Il libro di Shemot, tradotto dai Settanta con il termine Esodo, racconta la nascita del Popolo di Israele, dalla schiavitù egizia fino all’uscita e all’attraversamento del Mar Rosso e della donazione del Decalogo.
Viene anche narrato l’episodio del “vitello d’oro” e del conseguente perdono di quanti si erano resi conto della grave colpa di idolatria commessa e di Mosè, dopo aver rotto le Tavole della Legge intercede per salvare il popolo dalla totale distruzione.
Vengono inoltre dettate le regole minuziose per la costruzione del Mishka – il Tabernacolo mobile del deserto e delle prime regole per i Sacerdoti che dovevano amministrare il culto nel Tempio.
Il libro si conclude con il reso conto che Mosè fa a tutto il popolo, di tutto ciò che è servito alla costruzione del Mishkan, sia dal punto di vista economico che da quello legislativo.
Come già detto, la Torà con il libro di Shemot, ci presenta colui che è considerato il più grande dei Profeti del popolo di Israele: Mosè.
Alla fine del Deuteronomio, troviamo scritto di lui:
“..non sorse altro profeta in mezzo a Israele come Mosè, il quale conobbe D-o faccia a faccia” ossia ebbe un rapporto diretto e continuo come solitamente avviene tra due esseri umani.
Eppure Mosè, considerato il più grande fra i Maestri di Israele, è sempre visto dal testo biblico come un uomo ed in ogni occasione si vuole rimarcare la sua natura umana destinata a commettere errori.
Già dall’inizio della sua vita famigliare, con la nascita dei figli, egli dimentica di circonciderli e, se non fosse stato per sua moglie Zipporà (fra l’altro non appartenente alla tradizione di Giacobbe ma figlia di un sacerdote pagano), che li circoncise al suo posto, egli sarebbe stato punito con la morte.
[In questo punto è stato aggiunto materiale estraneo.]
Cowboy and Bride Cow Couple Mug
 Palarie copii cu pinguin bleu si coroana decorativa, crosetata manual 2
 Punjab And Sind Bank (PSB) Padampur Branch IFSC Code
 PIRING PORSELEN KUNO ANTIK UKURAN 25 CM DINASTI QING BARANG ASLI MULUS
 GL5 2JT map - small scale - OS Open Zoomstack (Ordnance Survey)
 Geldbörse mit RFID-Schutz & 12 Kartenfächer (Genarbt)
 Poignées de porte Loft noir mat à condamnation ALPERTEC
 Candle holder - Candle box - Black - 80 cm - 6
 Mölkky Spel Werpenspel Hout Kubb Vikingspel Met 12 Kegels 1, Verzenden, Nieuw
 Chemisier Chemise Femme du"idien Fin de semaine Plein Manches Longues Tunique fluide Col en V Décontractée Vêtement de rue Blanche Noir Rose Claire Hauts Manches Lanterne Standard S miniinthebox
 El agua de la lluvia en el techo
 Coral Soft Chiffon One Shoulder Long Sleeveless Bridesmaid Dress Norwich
Nell’episodio famosissimo, in cui il popolo stava morendo di sete, il Signore gli comanda di parlare alla roccia, da cui sarebbe scaturita l’acqua. Egli, invece, piuttosto che parlare come gli era stato comandato, batté la roccia e per questo venne severamente punito, al punto che gli fu vietato l’ingresso in Israele.
Per quale motivo vengono messi così in risalto i difetti di costui, definito invece il più grande dei Maestri del popolo ebraico?
Se così non fosse, spiegano i commentatori del testo biblico, si sarebbe potuto considerare Mosè, un personaggio particolare, con atteggiamenti divinizzanti.
Secondo altre correnti religiose, lo si sarebbe potuto considerare un “santo” e quindi venerato come tale; ma la Torà e tutta la tradizione ebraica, si oppongono al fatto che un essere umano possa essere considerato con doti particolari e quindi venerato come un “santo”.
E’ per ciò che più volte troviamo scritto “…ve ha ish Moshè” “…e l’uomo Mosè”.